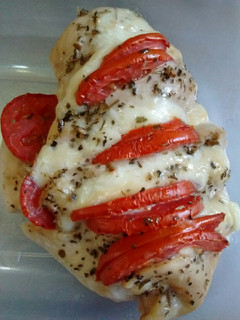 Una foto de Pechuga caprese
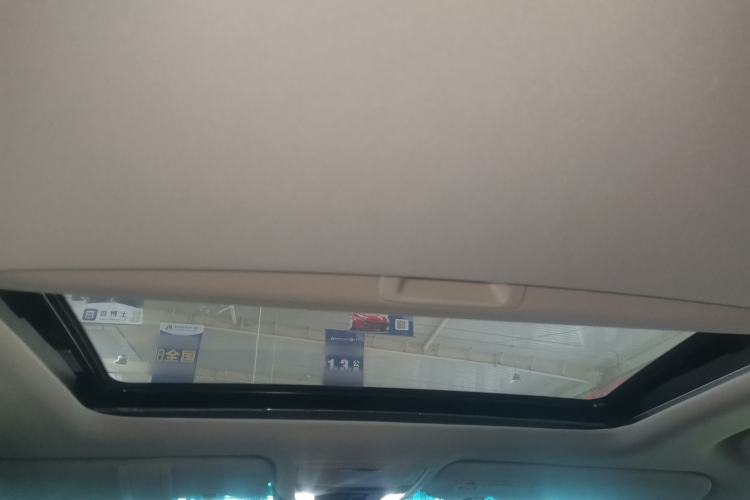 Used Honda Elysion 2024 2.0L eHEV Luxury Edition Headliner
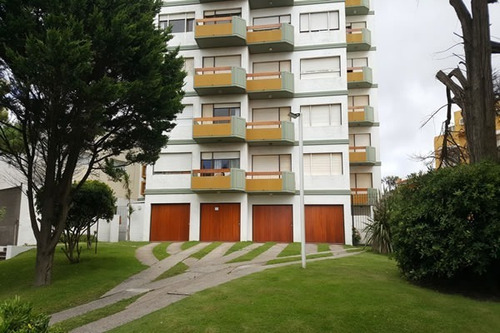 Imagen 2 de 15 de Ambiente Único Dividido 2 Balcones Vista Al Mar Ascensor Encargado Permanente Estacionamiento No Fijo Dentro Del Predio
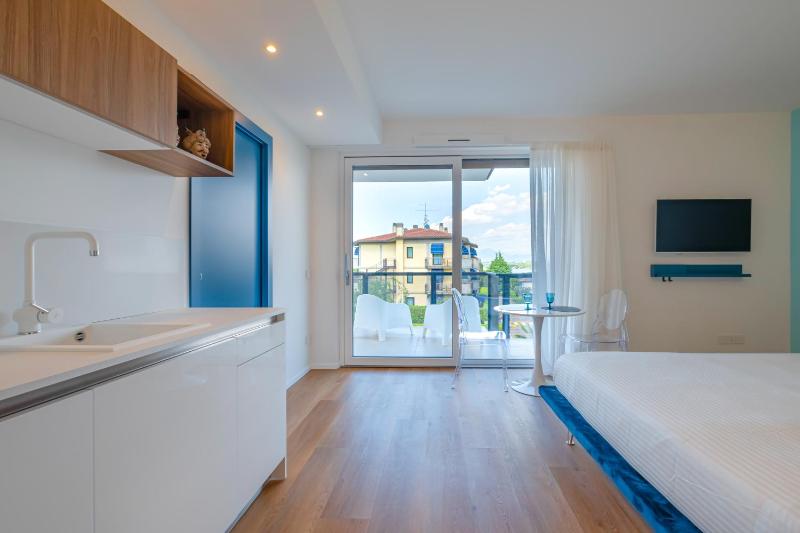 Plaza Lago di Garda Rooms - Rooftop Lakeview & Jacuzzi - image 28
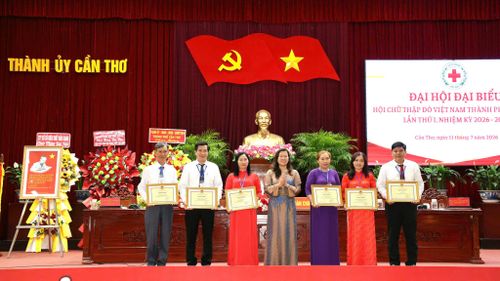 Đại diện lãnh đạo thành phố trao bằng khen cho các cá nhân có thành tích xuất sắc nhiệm kỳ 2022-2026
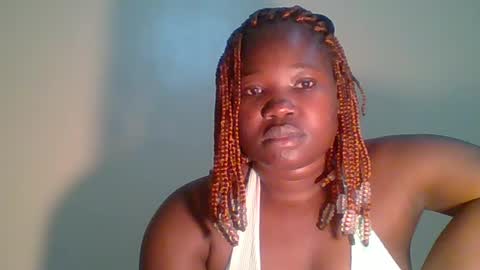 Snapshot of sweetebonygal chatting on July 14, 2026, 3:22 am Grace online show from July 14, 2026, 3:22 am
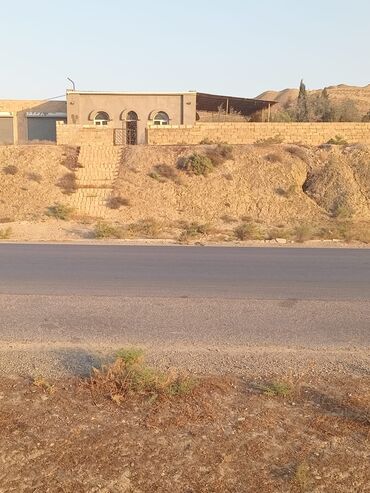 Kommersiya daşınmaz əmlakının satışı: İpək yolunun tam kənarında yerləşən obyekt satılır. Xüsusiyyətlər: - — 10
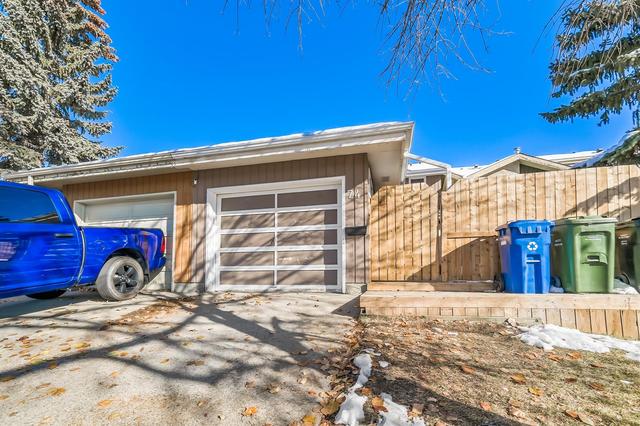 74 Hawkwood Road Nw, House detached with 3 bedrooms, 2 bathrooms and 1 parking in Calgary AB | Image 27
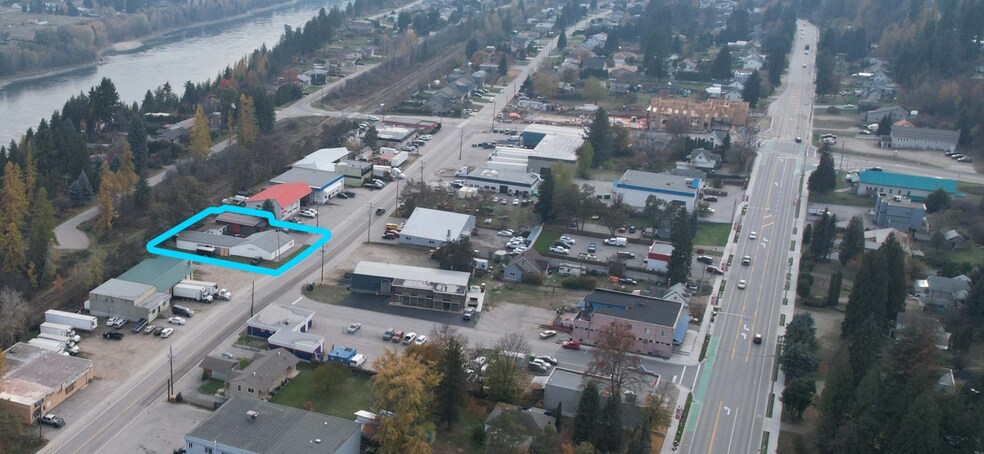 More Photos Of 2305 6th Av, Castlegar Self Storage For Sale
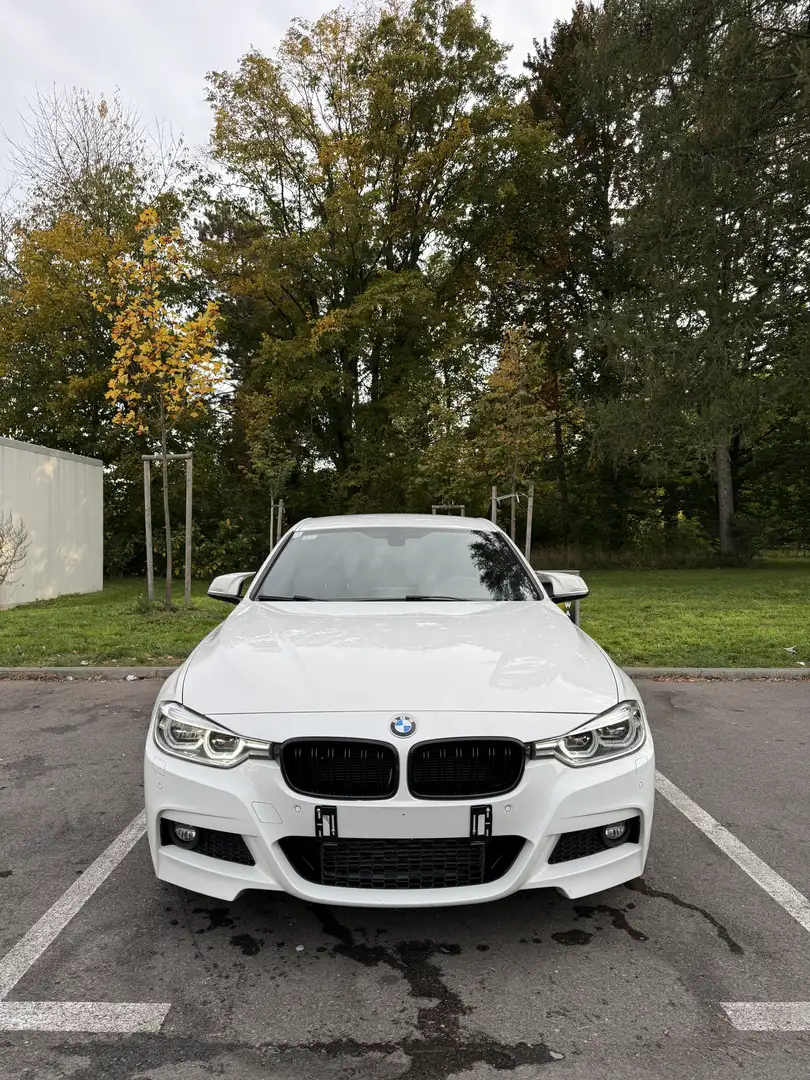 BMW 320 F30 320xd - 2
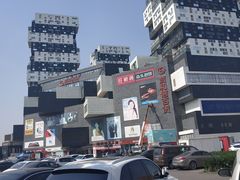 -资和信百货商场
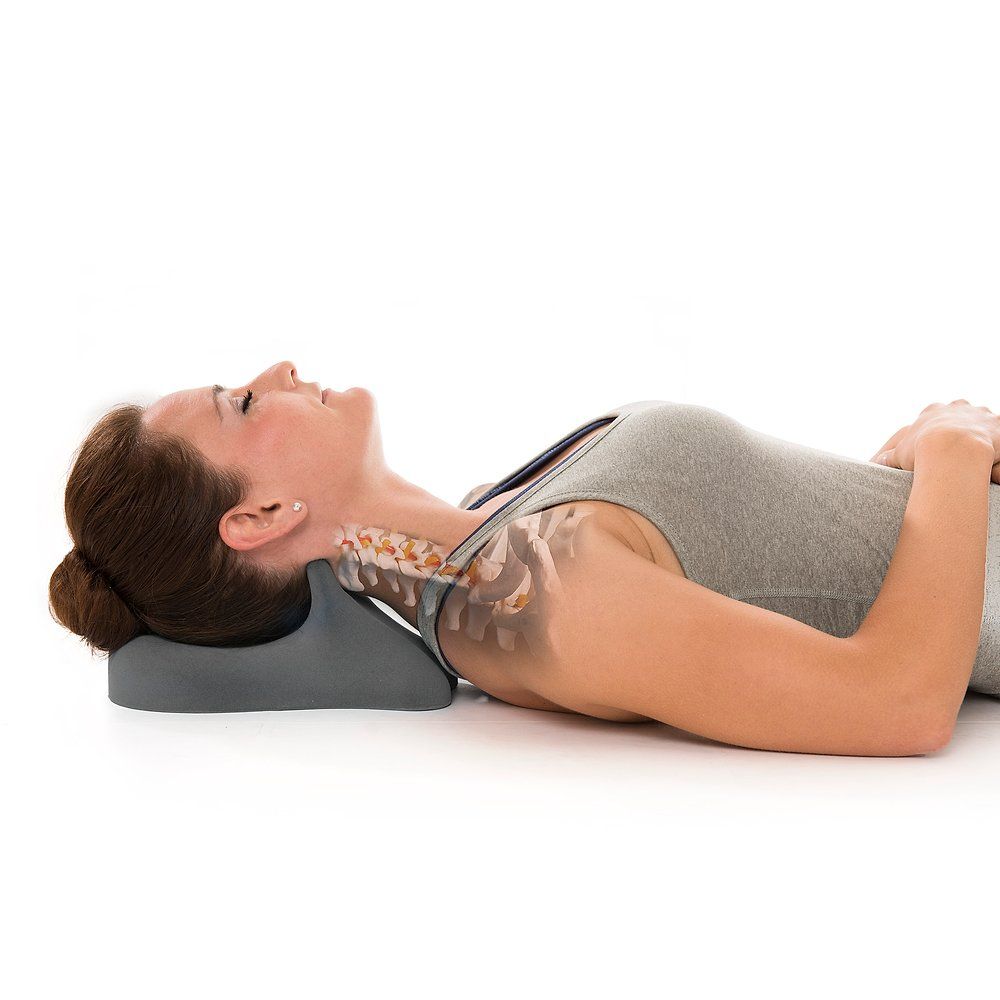 Graues Faszientool unter dem Nacken einer liegenden Frau. Skelett-Illustration.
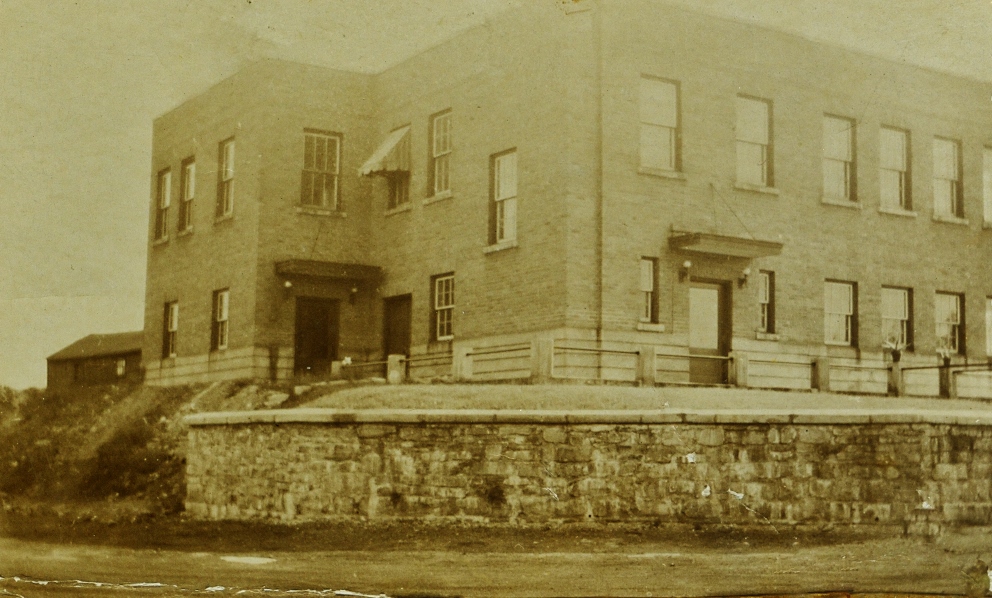 The Chemical Laboratory in the '40s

★ ★ ★ ★ ★ ★ ★

What the task requires:
From the records above, return exactly the lines running from the one that contains "Plaza Lago di" down to the one that contains "74 Hawkwood Road", both included, without any pictures.

Completed task:
 Plaza Lago di Garda Rooms - Rooftop Lakeview & Jacuzzi - image 28
 Đại diện lãnh đạo thành phố trao bằng khen cho các cá nhân có thành tích xuất sắc nhiệm kỳ 2022-2026
 Snapshot of sweetebonygal chatting on July 14, 2026, 3:22 am Grace online show from July 14, 2026, 3:22 am
 Kommersiya daşınmaz əmlakının satışı: İpək yolunun tam kənarında yerləşən obyekt satılır. Xüsusiyyətlər: - — 10
 74 Hawkwood Road Nw, House detached with 3 bedrooms, 2 bathrooms and 1 parking in Calgary AB | Image 27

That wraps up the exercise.